%%
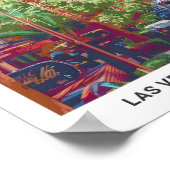 Blue Sky in Las Vegas Nevada Verenigde Staten Vint Poster (Hoek)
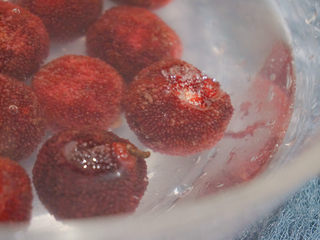 3、荔枝杨梅冷饮????,泡洗约半小时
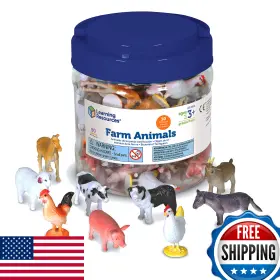 B01lzs1dno Learning Resources Farm Animal Counters Set Of 60 Math Ages 3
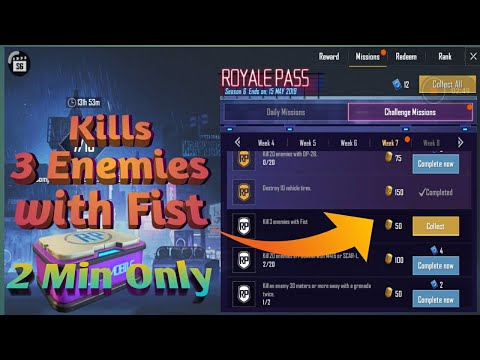 How To Complete Kills 3 Enemies with Fist Easy Step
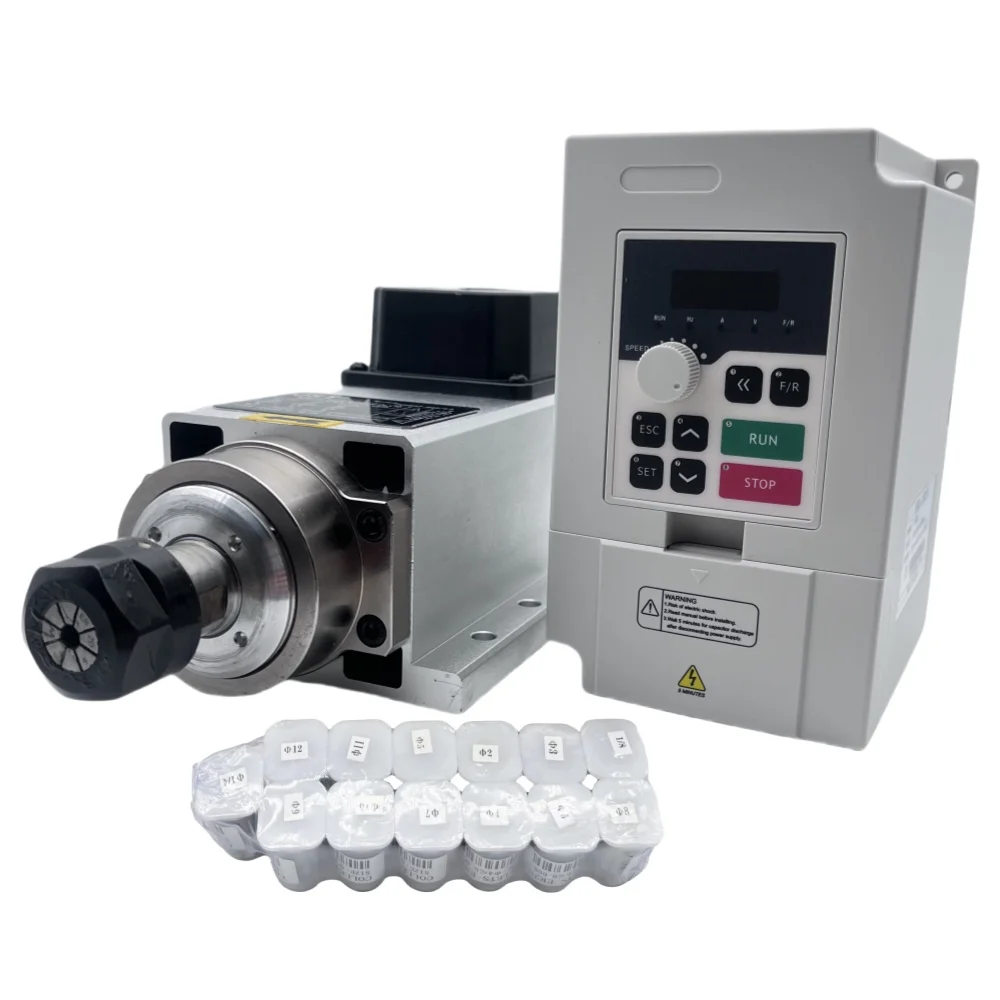 Kit Motore Mandrino CNC 1.5KW  - Air Cooled 1.5Kw Spindle Motor Inverter 110V recensione e prezzo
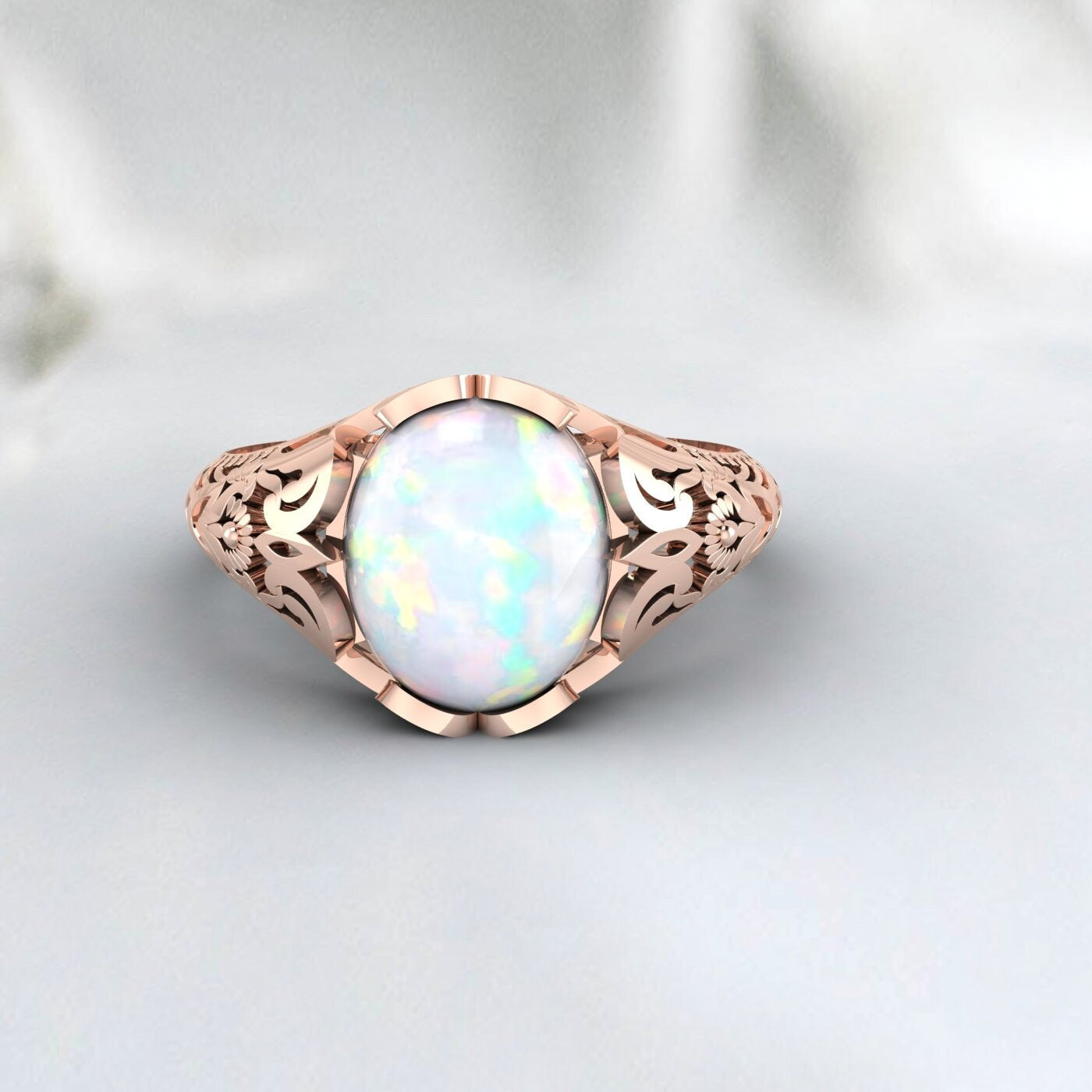 Fire Opal Men Ring 925 Sterling Silver Opal Men Ring Wedding Men Gift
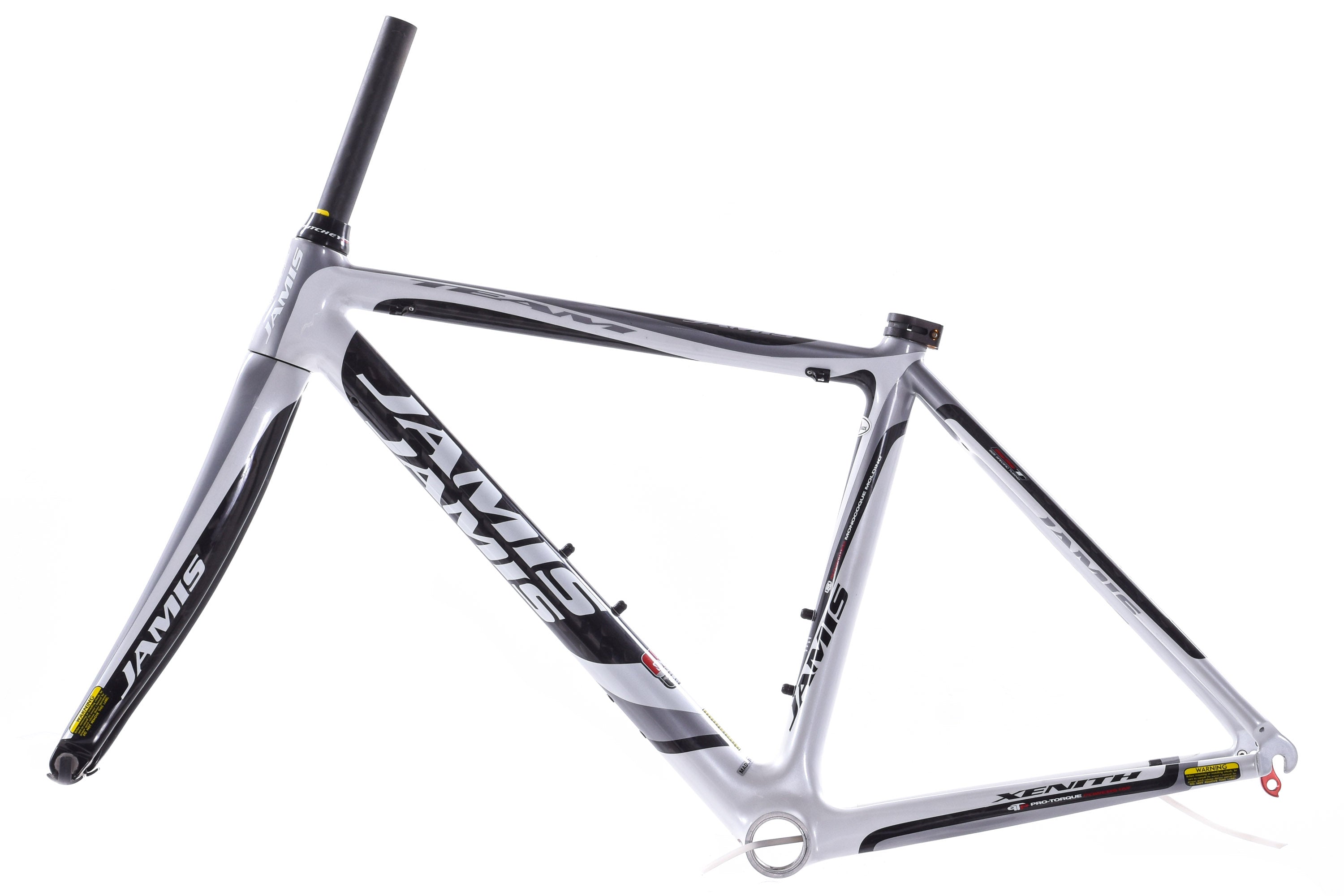 NEW 2011 Jamis Xenith Team Di2 Frame Kit Chromium/Pearl White 48 Di2 /
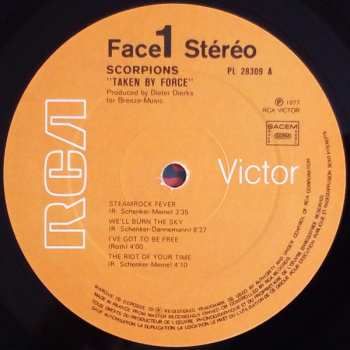 LP Scorpions: Taken By Force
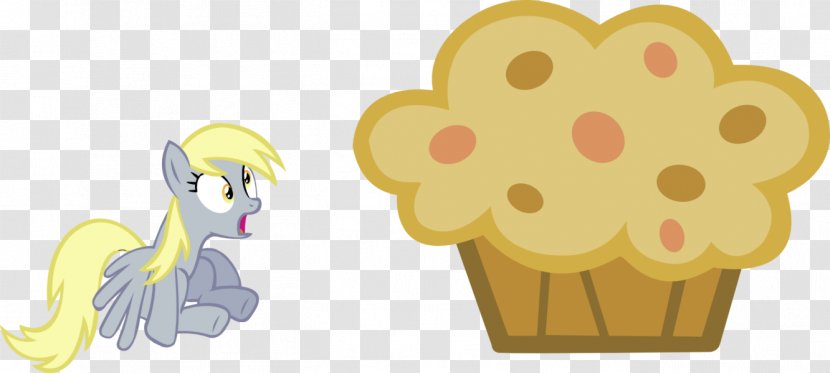 Derpy Hooves Muffin Cupcake Blueberry Pony - Drink Transparent PNG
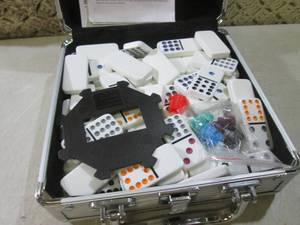 lot 316 image: (BSB) Mexican Train Dominos Game in...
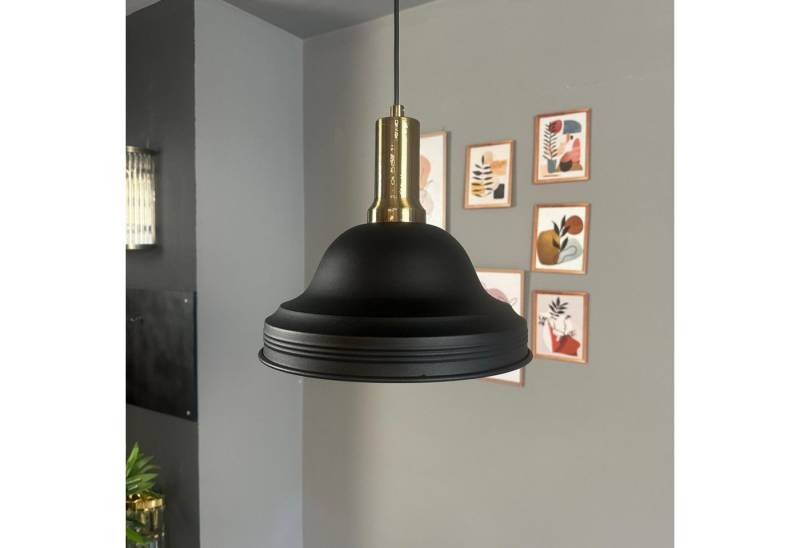 Bamyum Pendelleuchte Asletl Hängelampe Industrial aus Metall Ø40 cm, Pendelleuchte Esstisch, Fackel, ohne Leuchtmittel Bamyum Pendelleuchte Asletl Hängelampe Industrial aus Metall Ø40 cm, Pendelleuchte Esstisch, Fackel, ohne Leuchtmittel von Bamyum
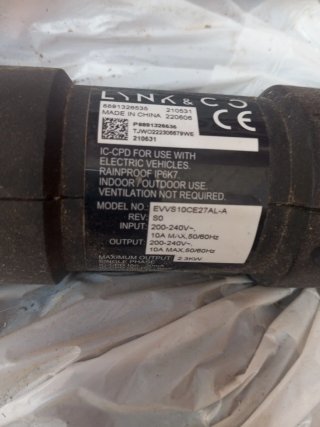 Cargador LINK&CO EVVS10CE27AL-A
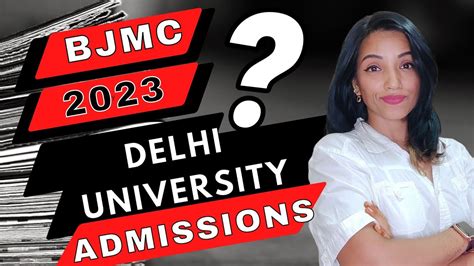 Delhi University Admissions For Bjmc Media Courses Ug Cuet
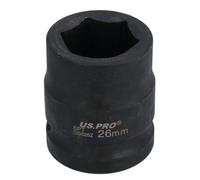 AB Tools 3/4" Drive 26mm Shallow Metric mm Impact Impacted Socket 6 Sided Single Hex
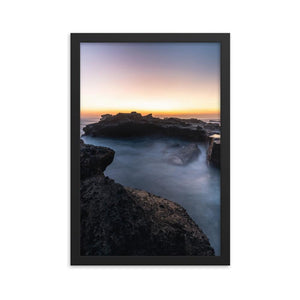 MYSTICAL SUNSET Posters 12in x 18in (30cm x 45cm) / Framed - Thibault Abraham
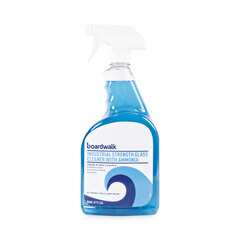 Boardwalk Industrial Strength Glass Cleaner with Ammonia, 32 oz Trigger Bottle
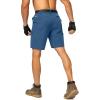 imageMens Hiking Cargo Shorts Stretch Quick Dry Outdoor Tactical Shorts for Men with Multi Pocket for Fishing CasualBlue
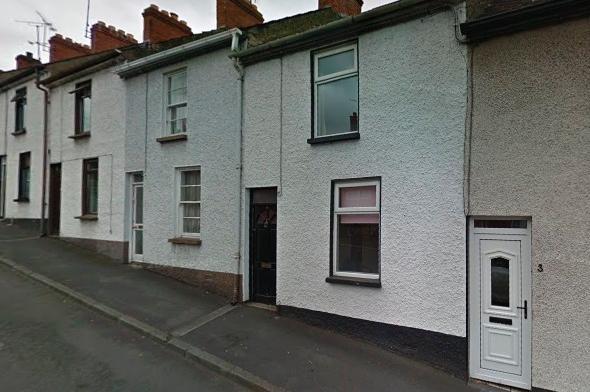 A terrace house in Grove Terrace, Armagh is currently on the market with an asking price of £65,000.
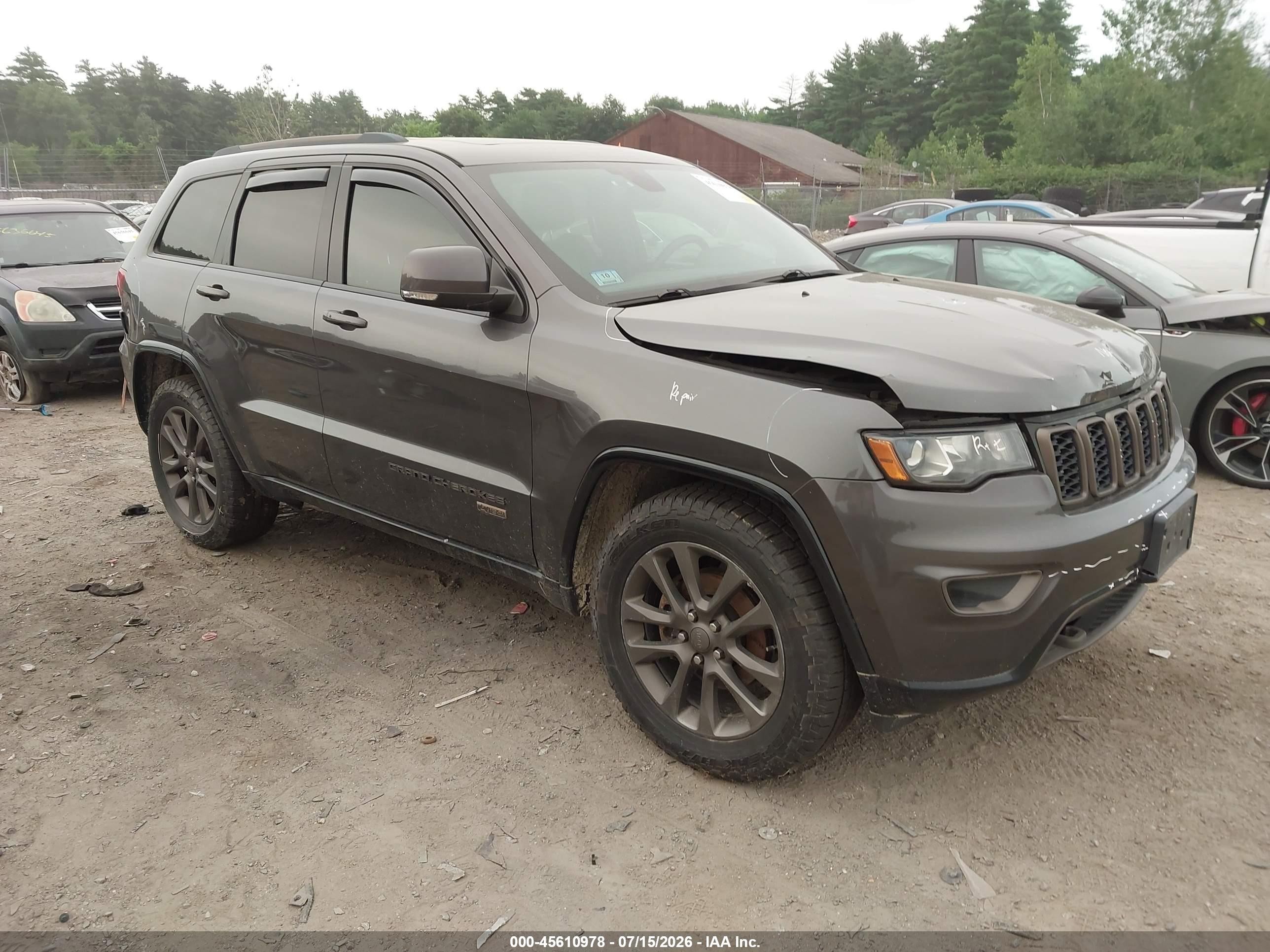 2016 Jeep Grand Cherokee Limited, VIN 1C4RJFBG7GC429307 — All over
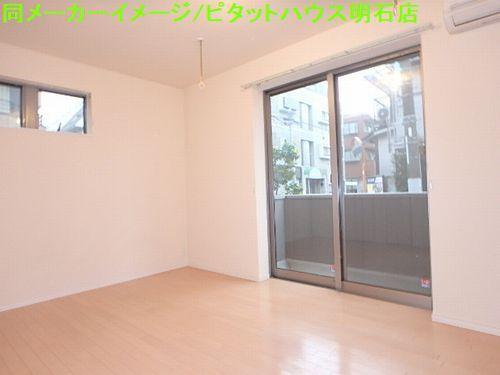 明石市天文町アパート リビング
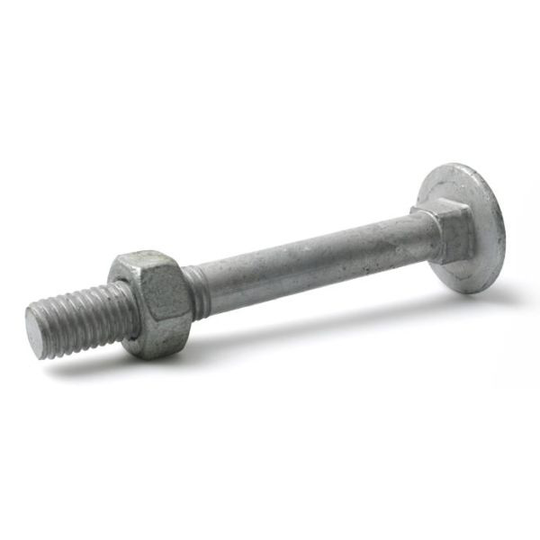 Stafa 0202100156 Vaunun pultti mutterilla, M10, FZV, MVBF M10 x 20 mm, 200 kpl/pakkaus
%%
- What the task asks
Please reproduce exactly and only the lines from the first line of the records through the line containing "lot 316 image: (BSB)", both included, omitting any pictures.

- Response to this exercise
 Blue Sky in Las Vegas Nevada Verenigde Staten Vint Poster (Hoek)
 3、荔枝杨梅冷饮????,泡洗约半小时
 B01lzs1dno Learning Resources Farm Animal Counters Set Of 60 Math Ages 3
 How To Complete Kills 3 Enemies with Fist Easy Step
 Kit Motore Mandrino CNC 1.5KW  - Air Cooled 1.5Kw Spindle Motor Inverter 110V recensione e prezzo
 Fire Opal Men Ring 925 Sterling Silver Opal Men Ring Wedding Men Gift
 NEW 2011 Jamis Xenith Team Di2 Frame Kit Chromium/Pearl White 48 Di2 /
 LP Scorpions: Taken By Force
 Derpy Hooves Muffin Cupcake Blueberry Pony - Drink Transparent PNG
 lot 316 image: (BSB) Mexican Train Dominos Game in...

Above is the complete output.